Il y a soixante-dix ans, la mère de mon ami Cary se faisait photographier là, par son vieil amant. La place était vouée au héros nazi, il y avait des drapeaux. J’imaginais le lieu gommé par les bombes. Mais en Mai 2015, traversant Munich, soudain, j’y suis, c’est là.

J’imagine l’escapade. D’où viennent-ils.? Travaillaient-ils tous les deux dans le camp de Dachau, juste à côté.? Et moi, irai-je un jour travailler pour l’une ou l’autre des machines à extermination qui asseyent les pouvoirs humains du moment.? Pourquoi se prennent ils en photo l’un l’autre sur la place du héros NSDAP ?

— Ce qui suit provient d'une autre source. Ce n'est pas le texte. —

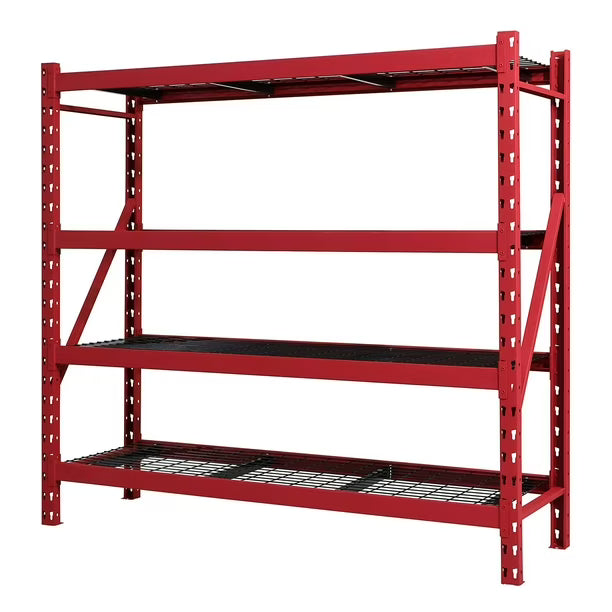 4 Shelf Industrial Storage Rack, 77" W x 24" D x 72" H - Red Car Wash Superstore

C’était si bon, jusqu’à l’irruption de l’Horreur de la guerre entre sunnites et shiites, en Irak et en Syrie, de croire que le western établi sur le Bien et le Mal depuis la reprise en main cinématographique de l’histoire d’Hitler, avait réglé leur compte aux nuances de l’Horreur. De se dire qu’on était après-guerre. De se poser la question des crimes que supposaient les indifférences anciennes de papys d’avant nos naissances.

Il y a soixante-dix ans, la mère de Cary, elle ne se doutait pas encore qu’elle allait devoir fuir avec le déjà vieux Koukou, son amant NSDAP, vers la France, chassée de Bohème par la défaite allemande…

Et que là, elle aurait deux jumeaux d’un normand — puis, quelques années plus tard, Hella, probablement de son héros NSDAP le gentil Koukou…

Soixante-dix ans. Et dans soixante-dix ans.? En 2085.? De quels crimes aurai-je à répondre…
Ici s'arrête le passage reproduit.